If distance between the foci of an ellipse is 6 and distance between its directrices is 12, then length of its latus rectum is : (A)4 (B)`3sqrt2` (C)9 (D)`2sqrt2`

To solve the problem, we will follow these steps: ### Step 1: Understand the given information We know that: - The distance between the foci of the ellipse is 6. - The distance between the directrices is 12. ### Step 2: Relate the distance between the foci to the semi-major axis The distance between the foci of an ellipse is given by \(2c\), where \(c = \sqrt{a^2 - b^2}\) and \(a\) is the semi-major axis. Therefore, we have: \[ 2c = 6 \implies c = 3 \] ### Step 3: Relate the distance between the directrices to the semi-major axis and eccentricity The distance between the directrices is given by \( \frac{2a}{e} \), where \(e\) is the eccentricity of the ellipse.
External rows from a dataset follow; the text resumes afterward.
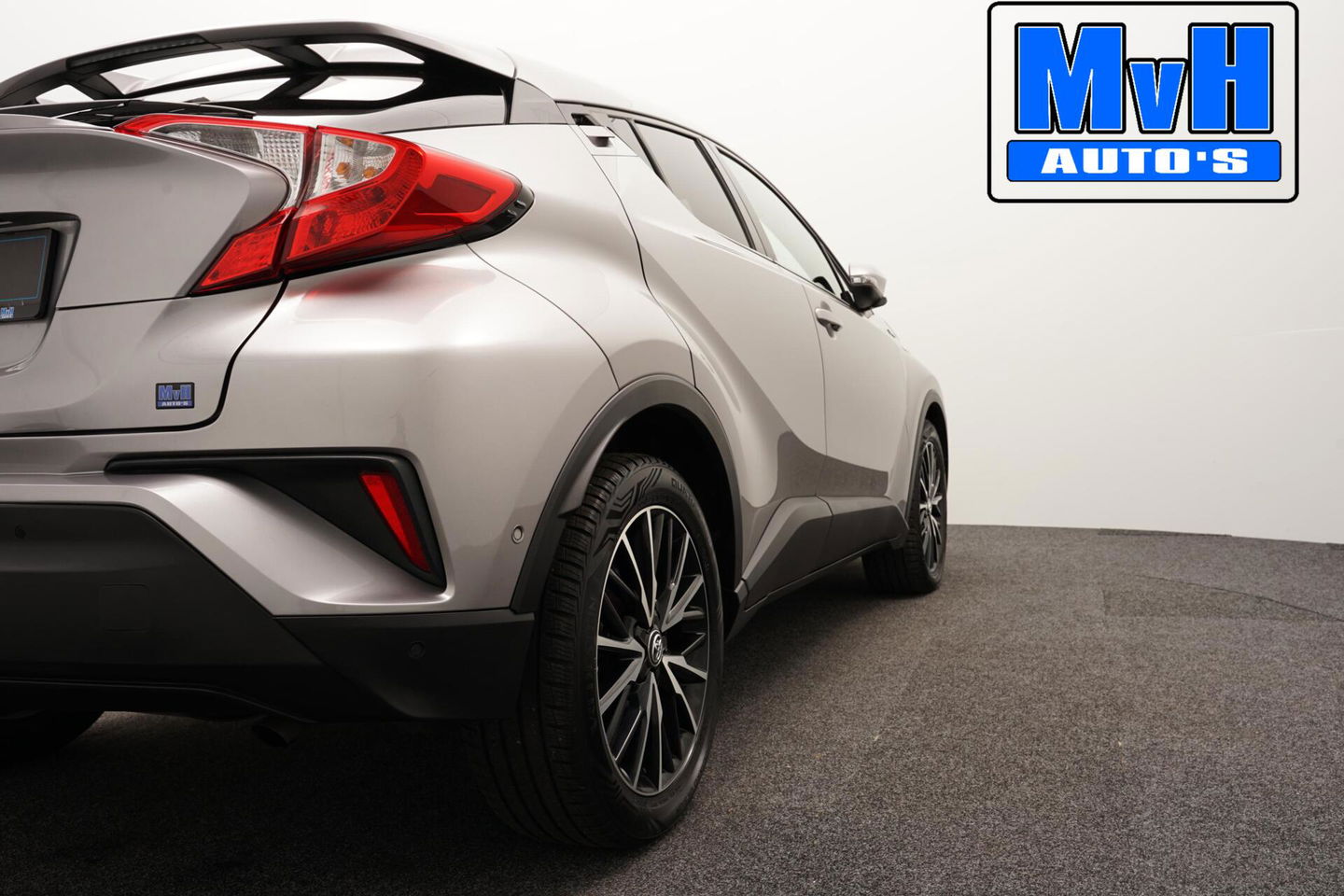 Toyota C-HR 1.8 Hybrid Executive|LEER|STOELVERW|PDC|CAMERA|NAP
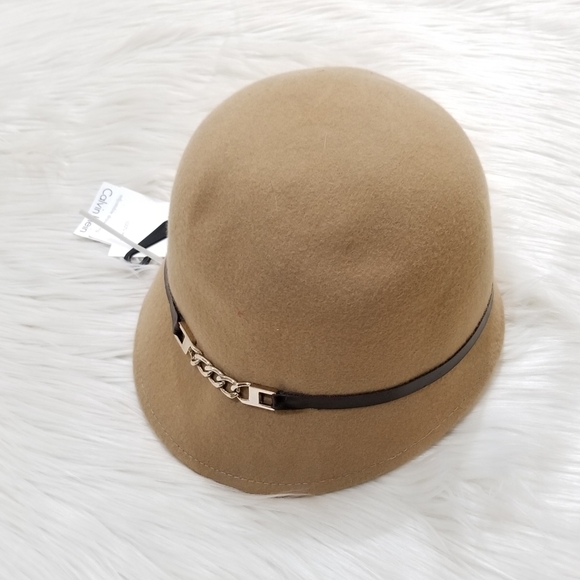 Calvin Klein Accessories - Calvin Klein wool hat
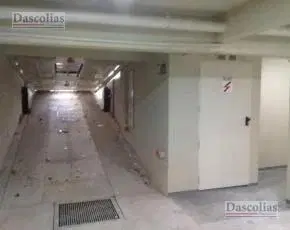 Cochera cubierta en excelente ubicación, a metros de Yrigoyen. 2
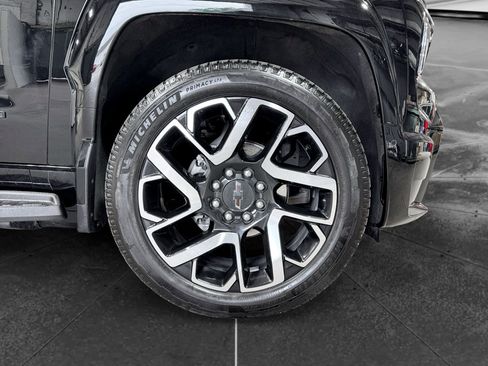 Used 2024 Chevrolet Silverado EV RST AWD/4WD image 36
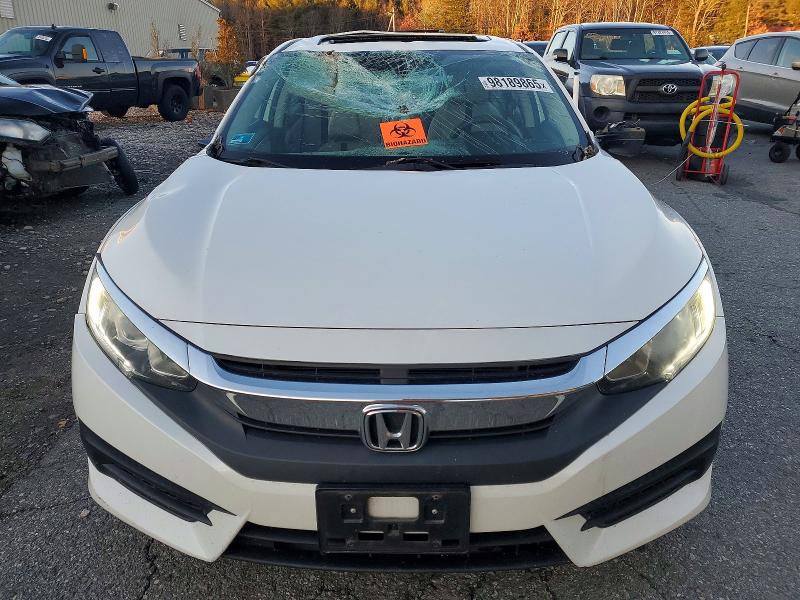 Photo 5 from auction – 2017 HONDA CIVIC EX with VIN 19XFC2F76HE232820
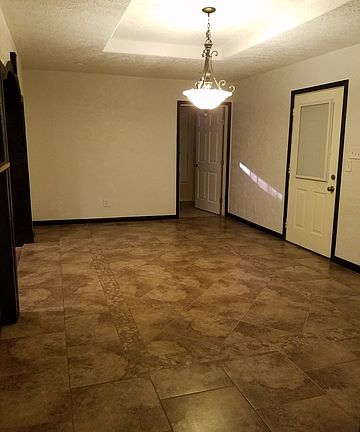 4th image of 3203 Fort Parker Dr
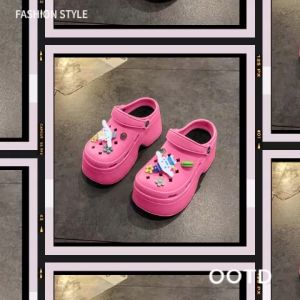 LEAShop รุ่นแนะนำ รองเท้าหัวโตแฟชั่น งานนี้น่ารักมากๆมีสีให้เลือกถึง5สี ผลิตจากยางอย่างดีกันน้ำกันลื่น สวมใส่ได้หลายโอกาสมีติดบ้านไว้คือดีย์ ปังมากพี่จี้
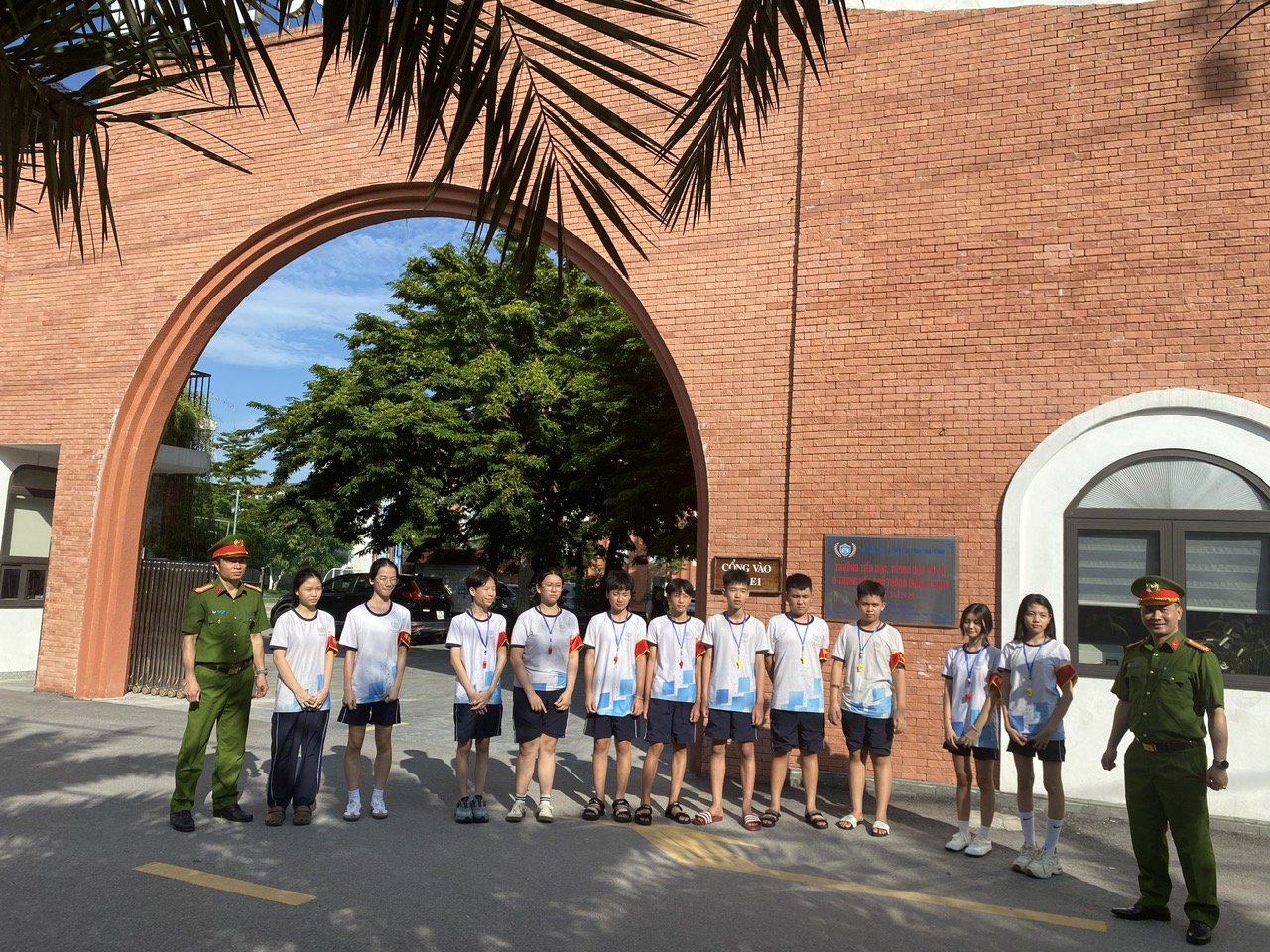 Công an phường Trần Lãm: phối hợp ra mắt mô hình tự quản “Cổng trường an toàn giao thông – an ninh trật tự”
We know that: \[ \frac{2a}{e} = 12 \implies \frac{a}{e} = 6 \] ### Step 4: Express eccentricity in terms of \(a\) From the relationship \(c = ae\), we can express \(e\) as: \[ e = \frac{c}{a} \] Substituting \(c = 3\): \[ e = \frac{3}{a} \] ### Step 5: Substitute \(e\) in the equation from Step 3 Substituting \(e\) in the equation \( \frac{a}{e} = 6 \): \[ \frac{a}{\frac{3}{a}} = 6 \implies \frac{a^2}{3} = 6 \implies a^2 = 18 \implies a = 3\sqrt{2} \] ### Step 6: Calculate \(b^2\) Using the relationship \(c^2 = a^2 - b^2\): \[ c^2 = 3^2 = 9 \quad \text{and} \quad a^2 = 18 \] Thus, \[ 9 = 18 - b^2 \implies b^2 = 9 \implies b = 3 \] ### Step 7: Calculate the length of the latus rectum The length of the latus rectum \(L\) is given by the formula: \[ L = \frac{2b^2}{a} \] Substituting the values of \(b\) and \(a\): \[ L = \frac{2 \cdot 9}{3\sqrt{2}} = \frac{18}{3\sqrt{2}} = \frac{6}{\sqrt{2}} = 3\sqrt{2} \] ### Final Answer Thus, the length of the latus rectum is: \[ \boxed{3\sqrt{2}} \]